We are about to get confirmation that earnings growth for America’s biggest companies was negative in the first quarter, compared to the same period a year ago.
When aluminium giant Alcoa releases its results on Monday, it will mark the unofficial start of the heaviest reporting season for S&P 500 companies.
The final scoreboard is expected to show a 9.1% earnings drop for the quarter, according to FactSet senior earnings analyst John Butters.
But the actual decline will likely be smaller, he said. Analysts have ended up being too pessimistic about most quarters since Q2 2013.
Still, earnings would be negative for a third straight quarter.
RBC’s Jonathan Golub expects corporate earnings to return to growth in Q2.
Earnings-per-share growth “has been slowing for the past six quarters, with current projections pointing to a bottom in 1Q16,” he wrote in a client note.
However, Butters cautions that weakness could persist if factors like low commodity prices and a rising dollar do, too.
“Overall, we’re looking for a 2.6% decline for Q2 as of today [April 8],” he said, forecasting that Q1 would mark the bottom.

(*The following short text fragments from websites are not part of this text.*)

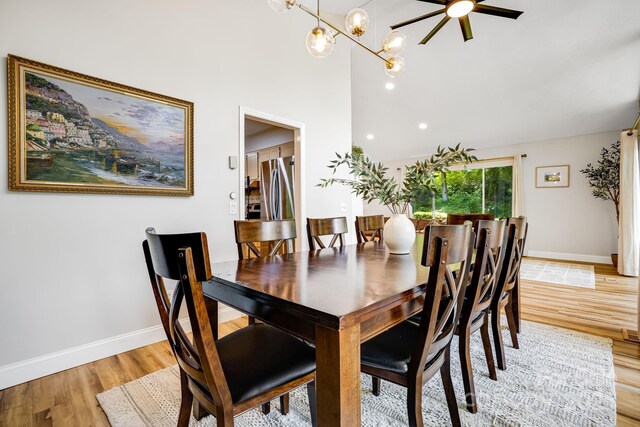 2044 Glenheath Dr, Hendersonville, NC 28791 - dining area with light wood-style flooring, vaulted ceiling, baseboards, and a chandelier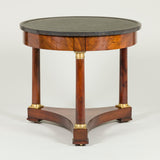 An early 19th century French mahogany round table with marble top, three column legs and a triform platform base.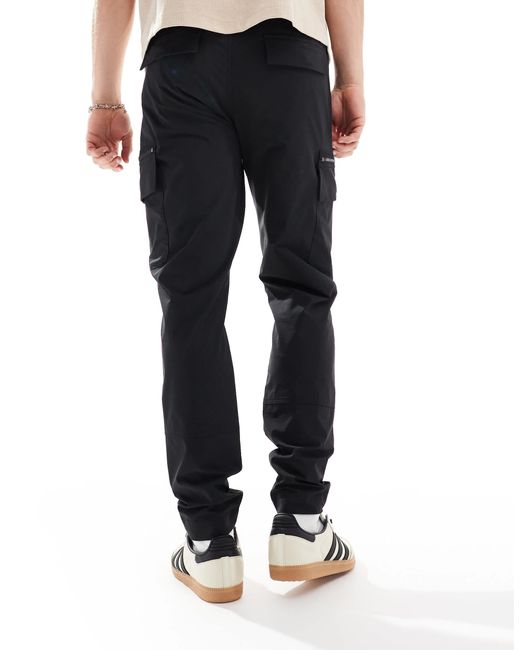 River Island – eng geschnittene cargohose in Blue für Herren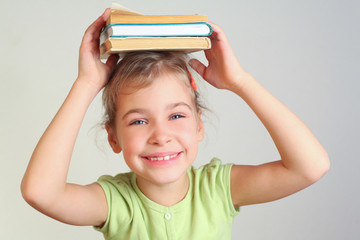 Smiling little girl hold books on head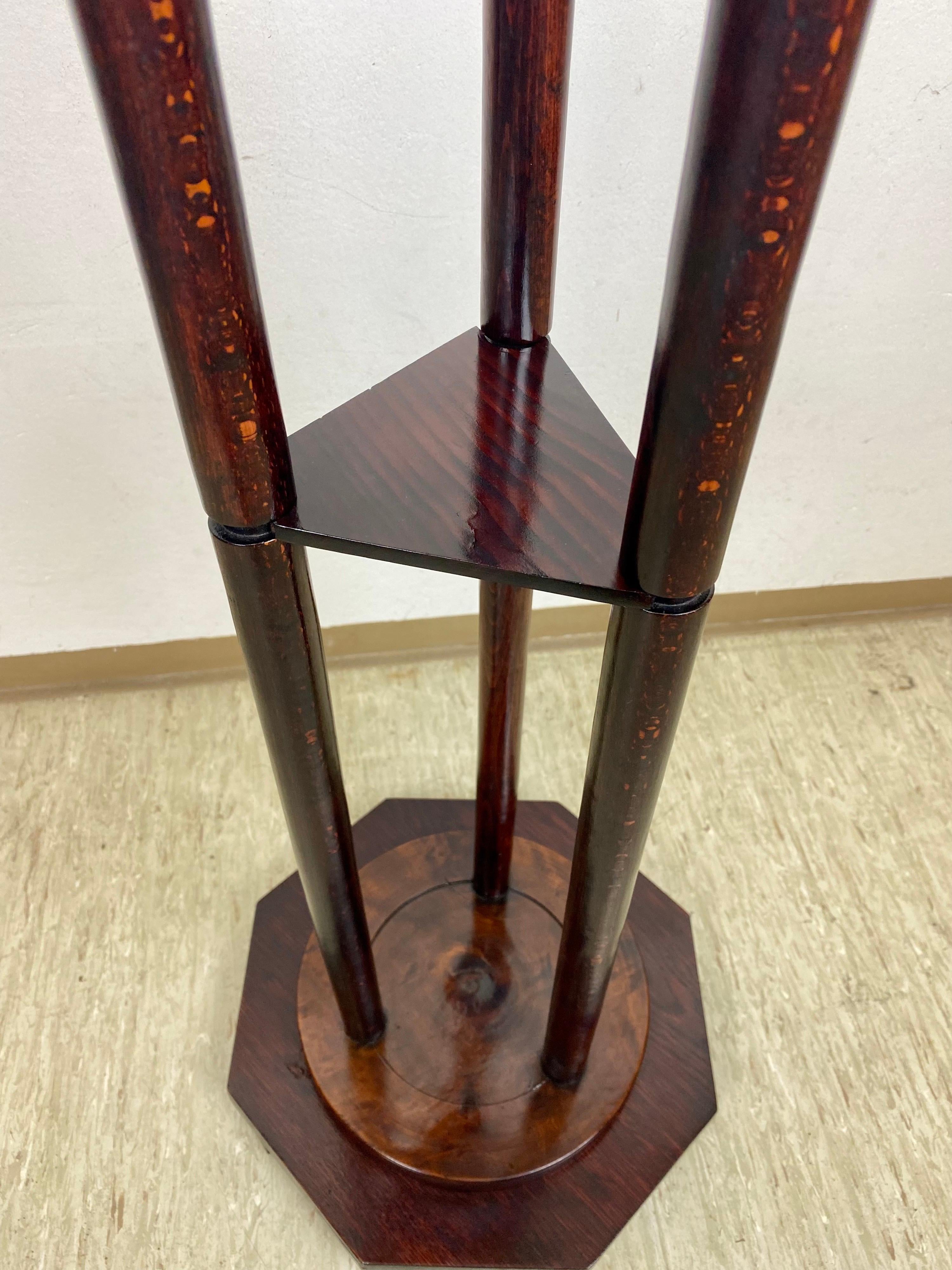 Lovely Art Nouveau Bentwood Pedestal from the period in Austria around 1900. Beautifully made of bentwood, this unique pedestal impresses with three slim columns on an octagon base. In the middle floats a small triangular compartment. The whole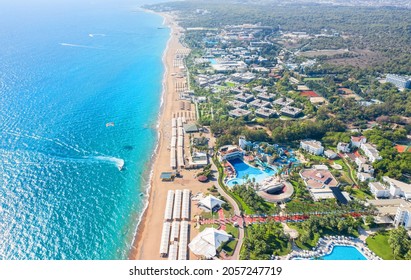 Sorgun. Side. The resort village of Titreyengol on the shores of a trembling lake in Turkey. There are many four and five star hotels around the lake. Beach and Mediterranean Sea. Drone shooting - Shutterstock ID 2057247719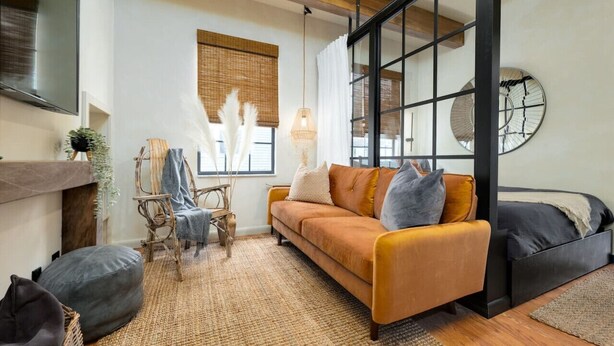 Una sala de estar moderna con un sofá, sillas, chimenea y un ventanal con persianas.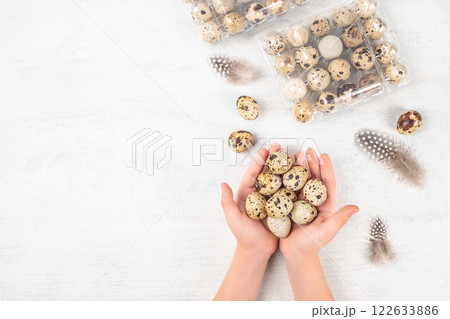 Quail eggs in hands. Containers of quail eggs on a light background, ecological farm products. top view. copy space 122633886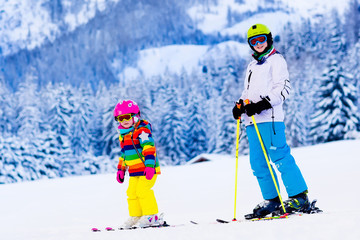 Kids skiing in the mountains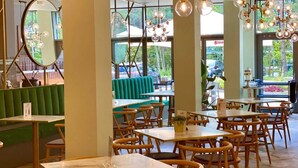L’intérieur d’un restaurant avec des banquettes vertes, des tables en bois et des luminaires suspendus.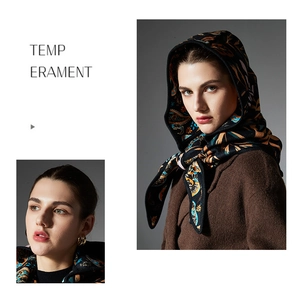 Detail of vintage paisley pattern on thick knitted balaclava hooded scarf for women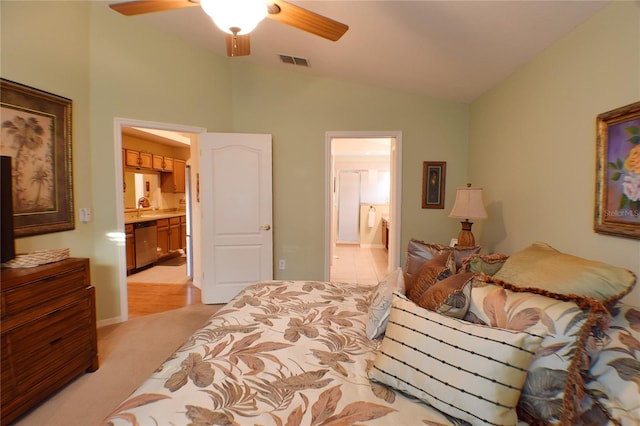 bedroom featuring ensuite bath, ceiling fan, sink, light colored carpet, and lofted ceiling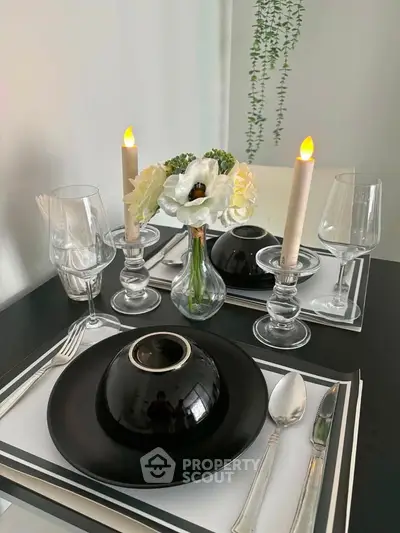 Elegant dining setup with black dinnerware, candles, and floral centerpiece on a modern table.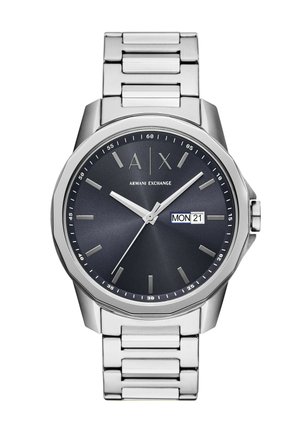 Montre en acier inoxydable avec un cadran bleu foncé, des index argentés, un affichage de la date et un bracelet en maillons métalliques brossés. Design de boîtier rond.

Analysts became very bearish
Earnings expectations for S&P 500 companies usually tumble in the months leading up to the heavy reporting weeks.
This year, the drop was steeper than usual.
Earnings estimates have dropped 9% year-to-date, more than double the 4% decline typically recorded three months before earnings season, according to Bank of America Merrill Lynch chief equity and quant strategist Savita Subramanian.
The decline for some sectors was “quite realistic” because of anxiety after the sell-of that marked the worst start ever to a year for stocks, according to Jeff Kleintop, chief global investment strategist at Charles Schwab.
But S&P 500 companies are already topping forecasts. Subramanian said in a note Friday that of the 22 companies that have reported, 82% have topped earnings-per-share forecasts, 64% have beaten on sales, and 55% have beaten on both.
Kleintop thinks expectations have probably fallen too sharply for some sectors, including consumer discretionary and maybe industrials.
“It wasn’t a great quarter for financials, but it wasn’t the end of the world,” he told Business Insider.
This chart shows that expectations for the energy sector are in their own league.
According to FactSet’s projections, the sector will be the largest contributor to the expected decline in S&P 500 earnings.
But there are questions about whether oil prices are in a new normal, for now, and whether other sectors are not independently weak.
According to Mike Thompson, head of investment advisory services at S&P Global Market Intelligence, the desire to strip away energy earnings is logical.
“People tend to do that when they want a clear picture of the total of the economy,” Thompson told Business Insider. “They want to highlight just how much the impact is.”
But doing this, said Thompson, paints a much rosier picture than reality.
“The aggregate is the aggregate and you can’t just leave a whole part out when you’re evaluating the economy,” said Thompson.
Additionally, as Jesse Edgerton at JP Morgan pointed out, it would have been easy to strip out technology earnings or financial earnings at the beginning of the last two recessions, but that would not have been a good vision of the whole economy.
Or as Thompson put it, “Before prices came down, oil and gas were doing quite well. So you could make the argument that if you want to strip it out on the downside, why didn’t you strip it out on the upside?”